- _Action item_:
The answer must reproduce every record exactly, with all pictures omitted.

- _Provided material_:
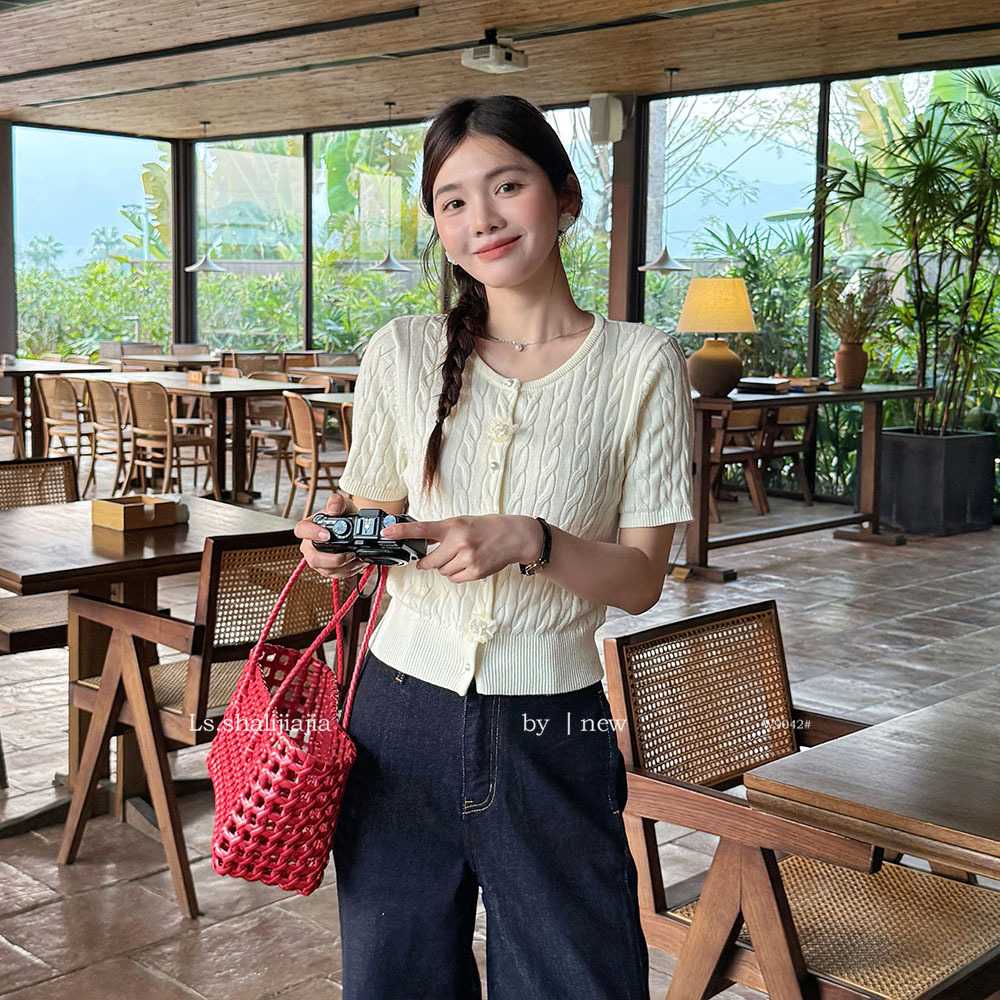 カットソー 縄編み模様の前開きカットソー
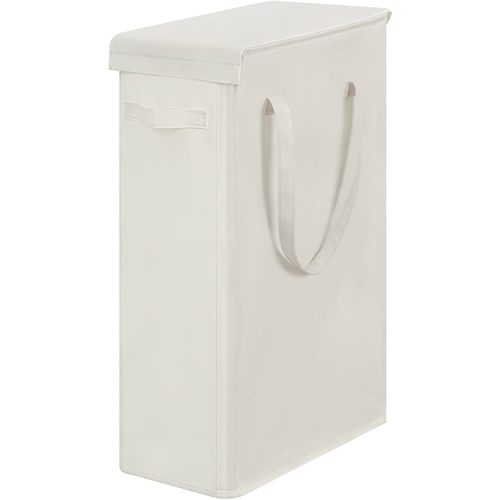 Chrislley 60L Slim Laundry Hamper with Lid Narrow Laundry Basket with Handle Upgrade Foldable Dirty Clothes Hamper Portable Skinny Hamper Organizer Storage Bins (25.6 inches,beige)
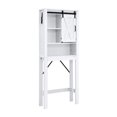 Lorelia 4tier Above Toilet Storage Organizer with Sliding Barn Door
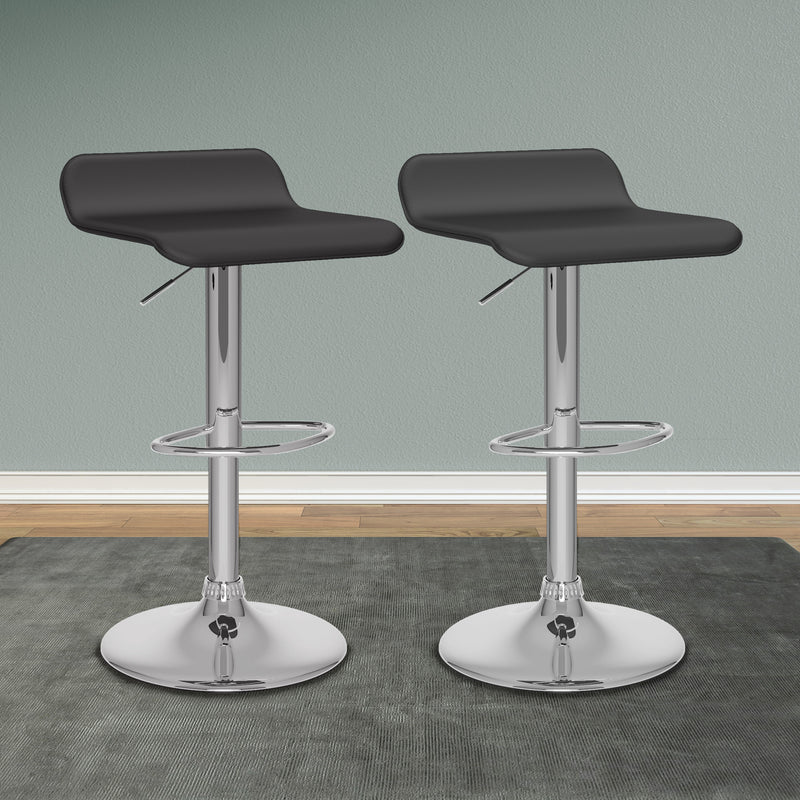 black Low Back Bar Stools Set of 2 Theo Collection lifestyle scene by CorLiving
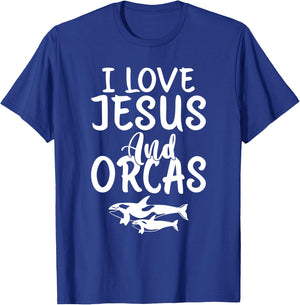 I love Jesus and Orcas Whale T-Shirt - T-Shirt | Royal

- _Expected answer_:
 カットソー 縄編み模様の前開きカットソー
 Chrislley 60L Slim Laundry Hamper with Lid Narrow Laundry Basket with Handle Upgrade Foldable Dirty Clothes Hamper Portable Skinny Hamper Organizer Storage Bins (25.6 inches,beige)
 Lorelia 4tier Above Toilet Storage Organizer with Sliding Barn Door
 black Low Back Bar Stools Set of 2 Theo Collection lifestyle scene by CorLiving
 I love Jesus and Orcas Whale T-Shirt - T-Shirt | Royal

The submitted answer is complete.